=== Begin Enclosure ===
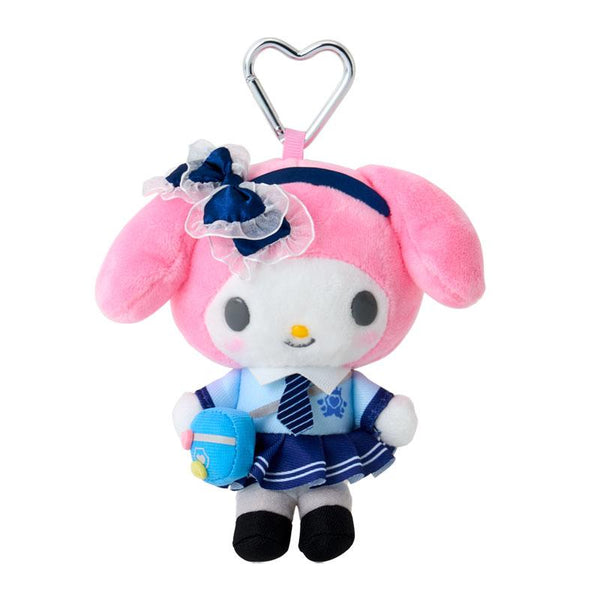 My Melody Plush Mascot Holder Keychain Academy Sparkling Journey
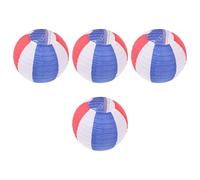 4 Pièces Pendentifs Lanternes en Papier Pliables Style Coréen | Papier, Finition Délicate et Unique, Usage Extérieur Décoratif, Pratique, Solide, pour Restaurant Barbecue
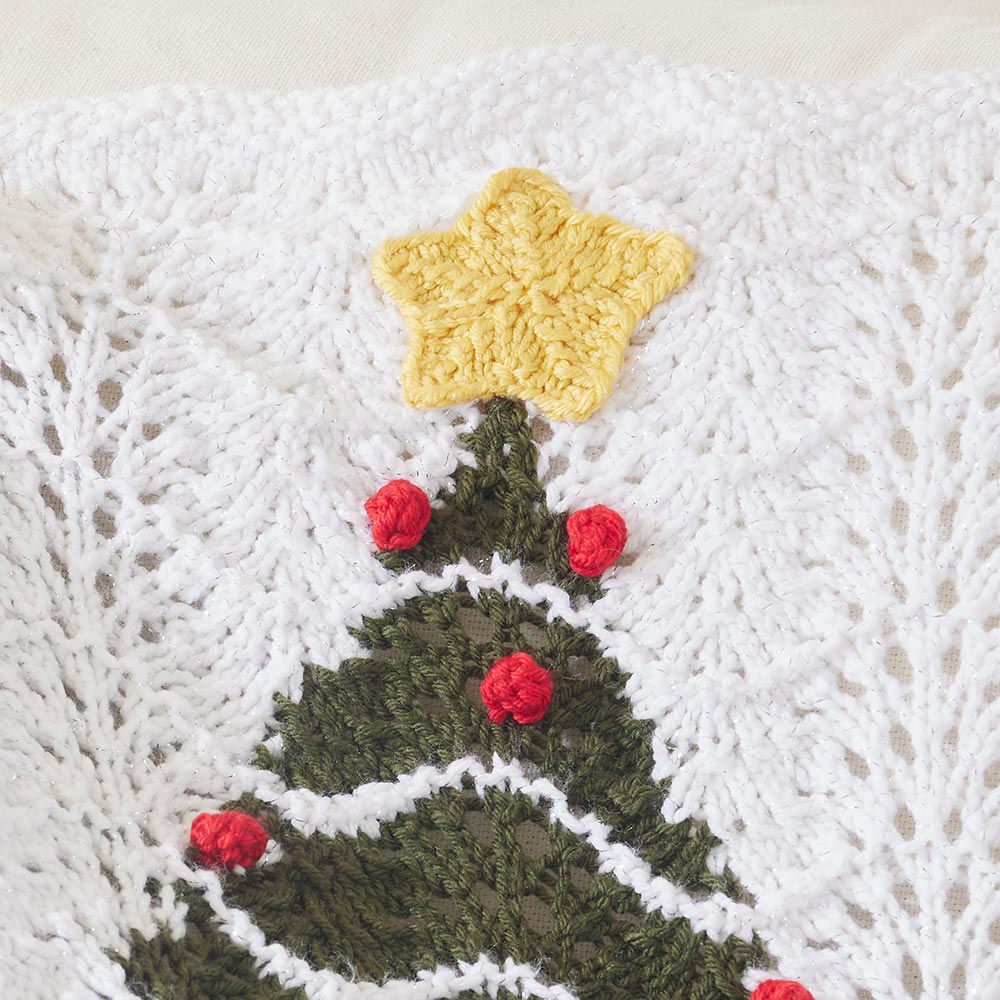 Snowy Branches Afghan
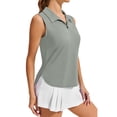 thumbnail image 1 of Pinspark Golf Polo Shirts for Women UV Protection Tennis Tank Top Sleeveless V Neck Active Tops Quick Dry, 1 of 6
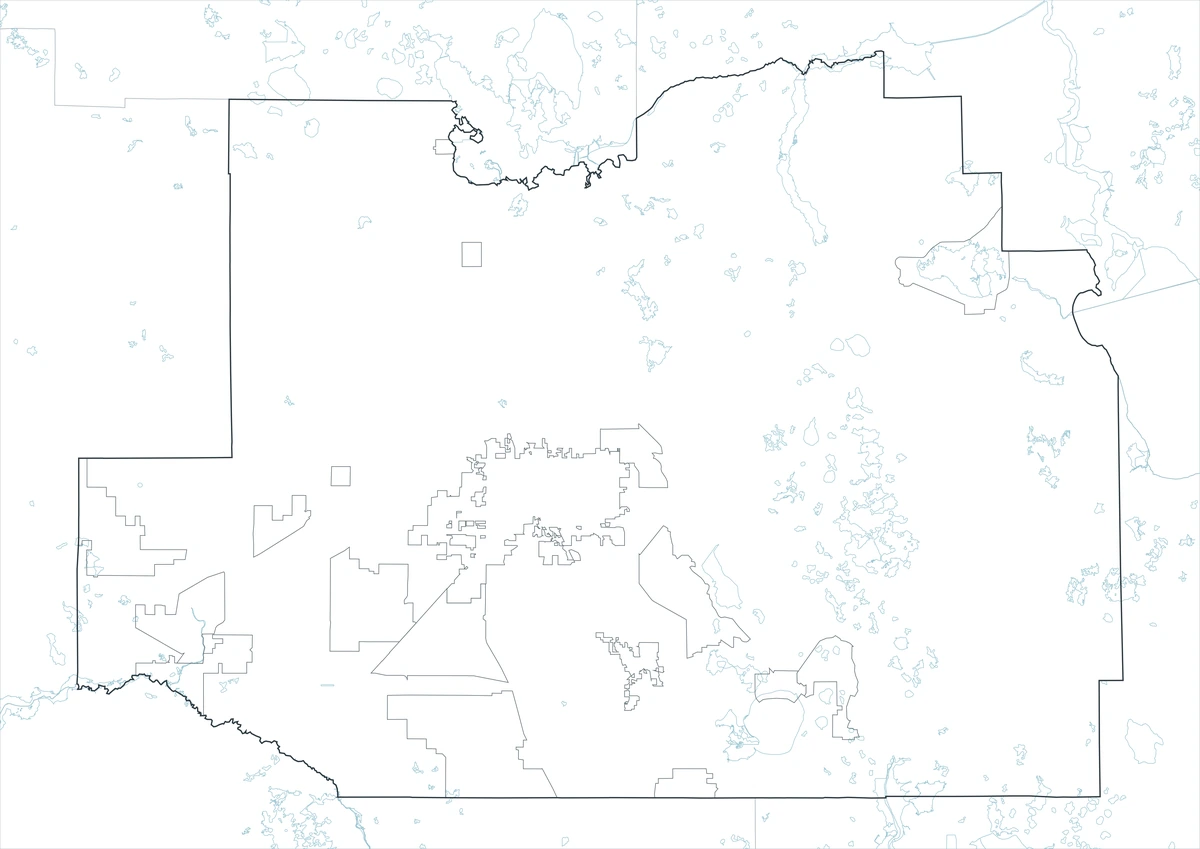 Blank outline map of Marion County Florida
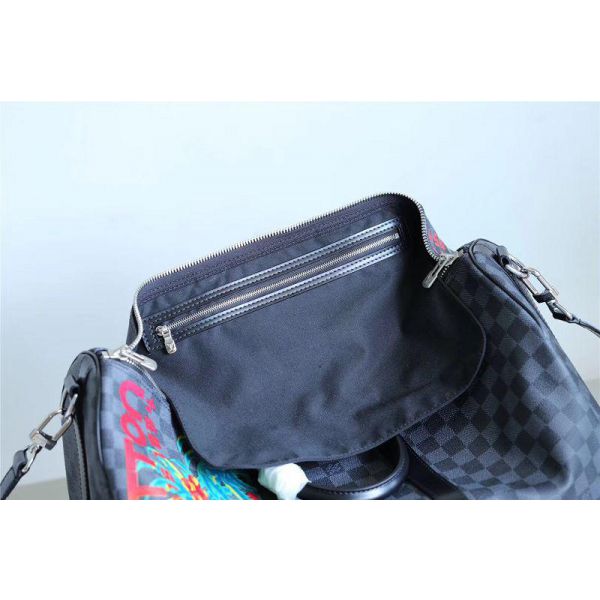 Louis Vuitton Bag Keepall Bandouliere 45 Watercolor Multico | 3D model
=== End Enclosure ===
=== Begin Enclosure ===
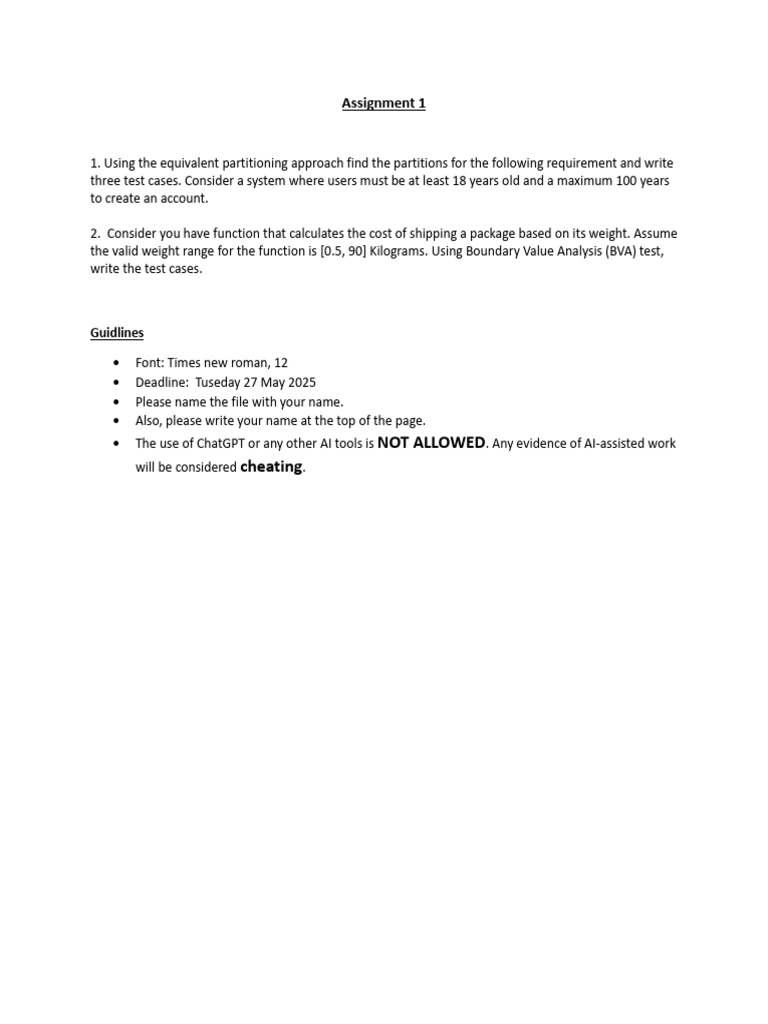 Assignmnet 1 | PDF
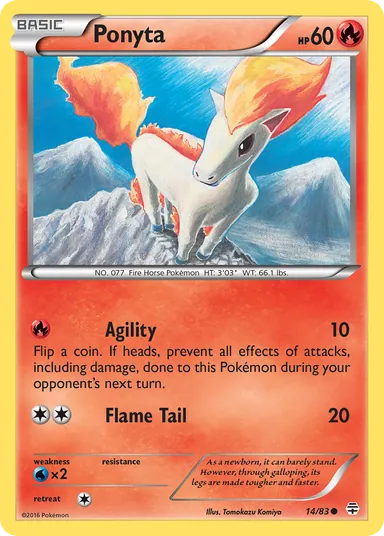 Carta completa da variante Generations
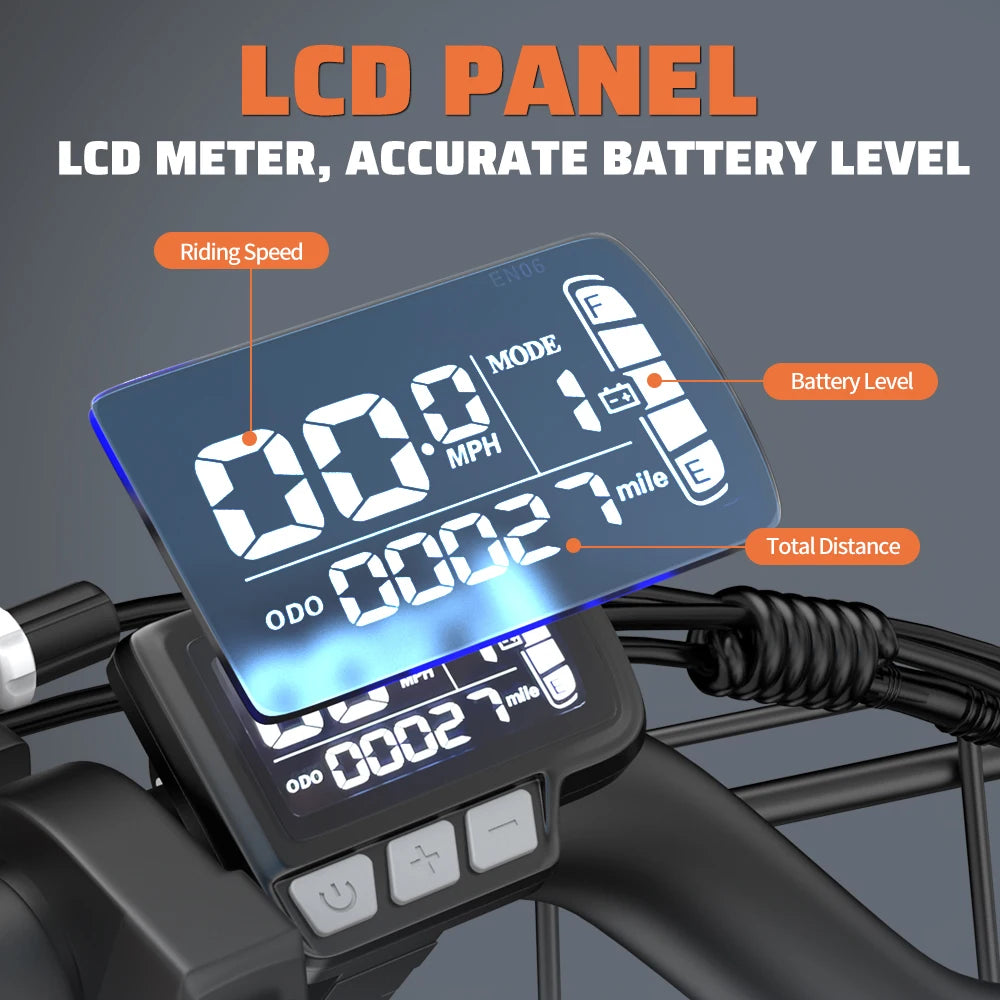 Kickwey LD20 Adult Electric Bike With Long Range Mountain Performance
=== End Enclosure ===
=== Begin Enclosure ===
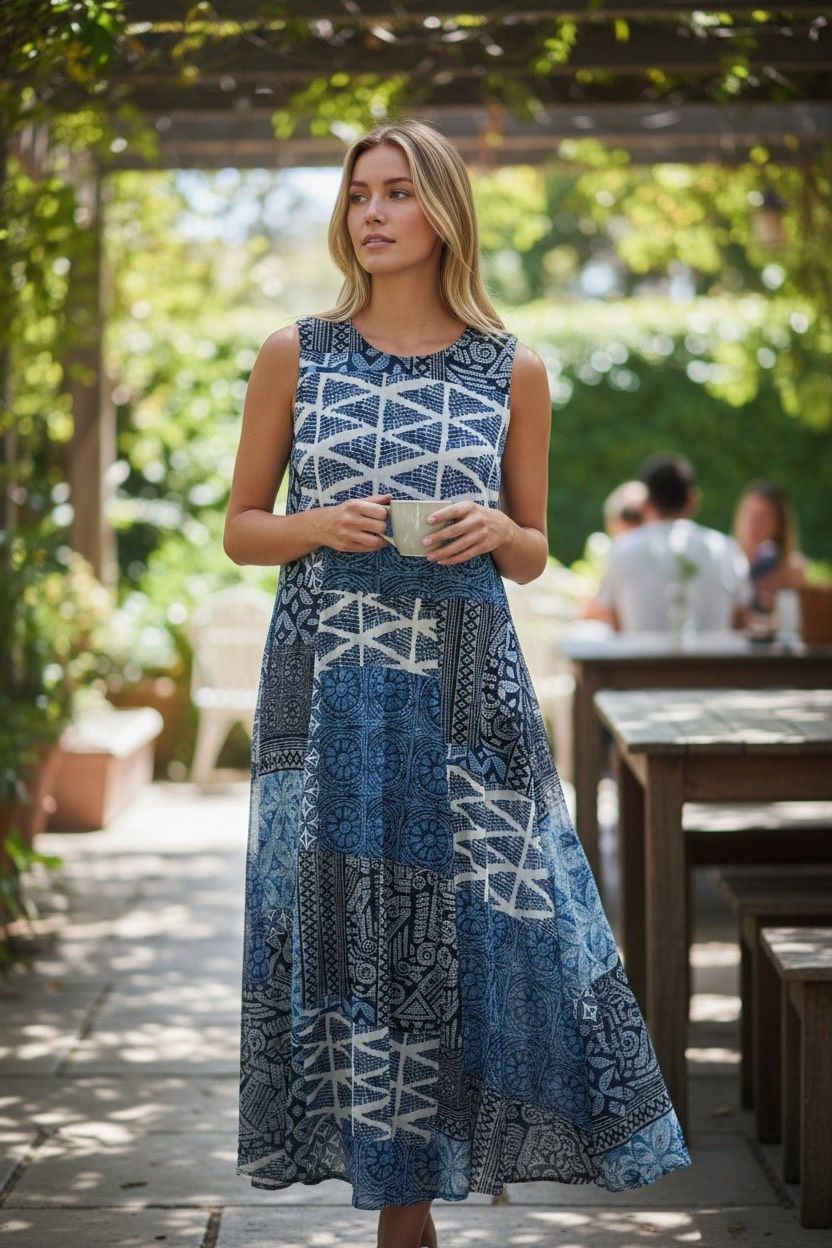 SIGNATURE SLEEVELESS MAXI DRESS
=== End Enclosure ===
In the listing above, find the line with "4 Pièces Pendentifs" and output every line through the one with "Louis Vuitton Bag", exactly, without the pictures.

Solution to this exercise:
 4 Pièces Pendentifs Lanternes en Papier Pliables Style Coréen | Papier, Finition Délicate et Unique, Usage Extérieur Décoratif, Pratique, Solide, pour Restaurant Barbecue
 Snowy Branches Afghan
 thumbnail image 1 of Pinspark Golf Polo Shirts for Women UV Protection Tennis Tank Top Sleeveless V Neck Active Tops Quick Dry, 1 of 6
 Blank outline map of Marion County Florida
 Louis Vuitton Bag Keepall Bandouliere 45 Watercolor Multico | 3D model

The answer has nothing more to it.